To do ->
Retype every line from the start of the data down to and including the line with "поднялся на ноги.". Skip the pictures.

Dataset content ->

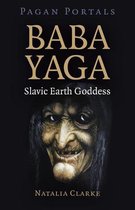 Pagan Portals – Baba Yaga, Slavic Earth Goddess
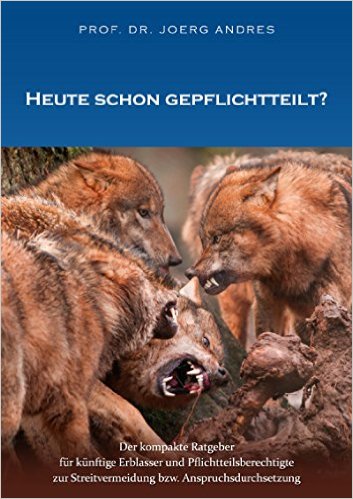 E-Book: „Heute schon gepflichtteilt?“ Kompakter Ratgeber für angehende Erblasser und Pflichtteilsberechtigte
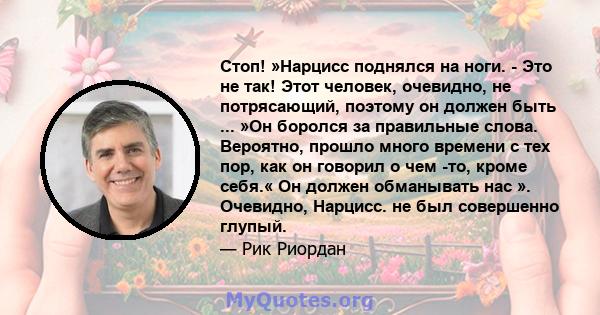 Стоп! »Нарцисс поднялся на ноги. - Это не так! Этот человек, очевидно, не потрясающий, поэтому он должен быть ... »Он боролся за правильные слова. Вероятно, прошло много времени с тех пор, как он говорил о чем -то,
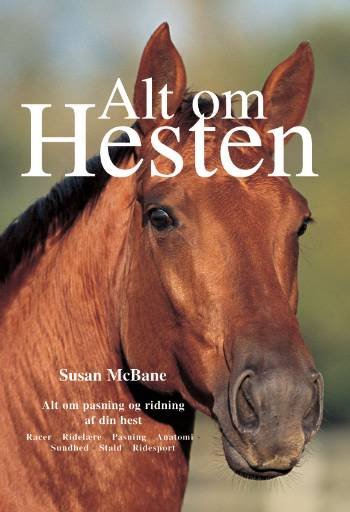 Alt om hesten - Susan McBane - Libros - Atelier - 9788778574596 - 9 de agosto de 2006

Solution for this exercise ->
 Pagan Portals – Baba Yaga, Slavic Earth Goddess
 E-Book: „Heute schon gepflichtteilt?“ Kompakter Ratgeber für angehende Erblasser und Pflichtteilsberechtigte
 Стоп! »Нарцисс поднялся на ноги. - Это не так! Этот человек, очевидно, не потрясающий, поэтому он должен быть ... »Он боролся за правильные слова. Вероятно, прошло много времени с тех пор, как он говорил о чем -то,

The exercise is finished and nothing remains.